Supreme Court of Canada
Dubrofski v. The Viger Company, [1933] S.C.R. 218
Date: 1933-03-08.
Philippe Dubrofski Debtor;
v.
The Viger Company Petitioner;
and
Hermas Perras Trustee.
1933: February 10; 1933: March 8.
Present: Rinfret J. in chambers.
ON APPEAL FROM THE COURT OF KING’S BENCH,
APPEAL SIDE, PROVINCE OF QUEBEC
Bankruptcy—Application to judge of Supreme
Court of Canada for special leave to appeal—Order by which a debtor is adjudged
a bankrupt—Jurisdiction—Bankruptcy Act, R.S.C., 1927, c. 11, s. 174.
A judge of the Supreme Court of Canada is
competent, under section 174 of
the Bankruptcy Act, to grant leave to appeal from the judgment of an
appellate court affirming an order rendered by a bankruptcy court, by which a
debtor was adjudged a bankrupt.
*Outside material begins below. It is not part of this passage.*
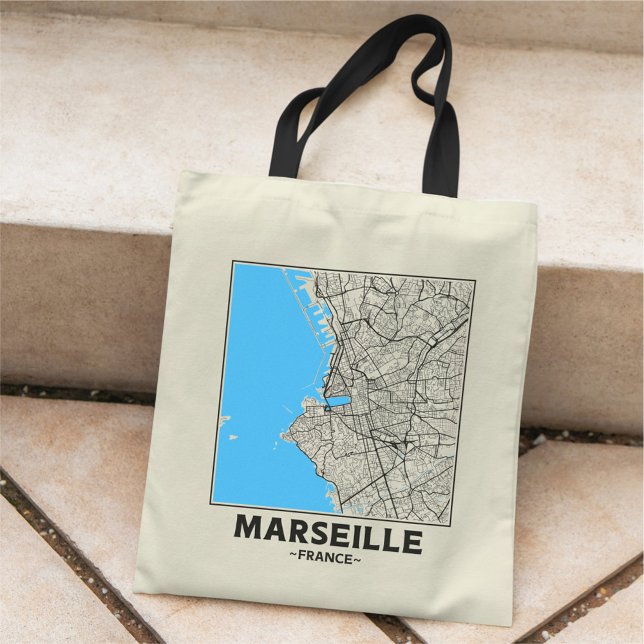 Marseille, France City Map Tote Bag Tragetasche (Von Creator hochgeladen)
Even although no actual amount may be in
controversy, such, an appeal involves the future rights both of the creditor
and of the debtor, which are directly affected by the bankruptcy proceedings
following as a consequence of the order.
APPLICATION for special leave to appeal to
the Supreme Court of Canada from the decision of the Court of King’s Bench,
appeal side, province of Quebec, affirming (two judges dissenting), the
judgment of the Superior Court sitting in bankruptcy by which the debtor was
adjudged a bankrupt. The material facts of the case, for the purposes of the
present judgment, are sufficiently stated in the judgment now reported. The
application was granted, costs to be costs in the appeal.
T. Brosseau K.C. for the motion.
D. Baril contra.
Rinfret J.—The debtor was adjudged a bankrupt by a judgment of the Superior
Court sitting in bankruptcy in the district of Montreal. The judgment was
affirmed by the Court of King’s Bench (appeal side) by a majority of three
judges against two. The debtor applies for special leave to appeal from those
judgments to the Supreme Court of Canada.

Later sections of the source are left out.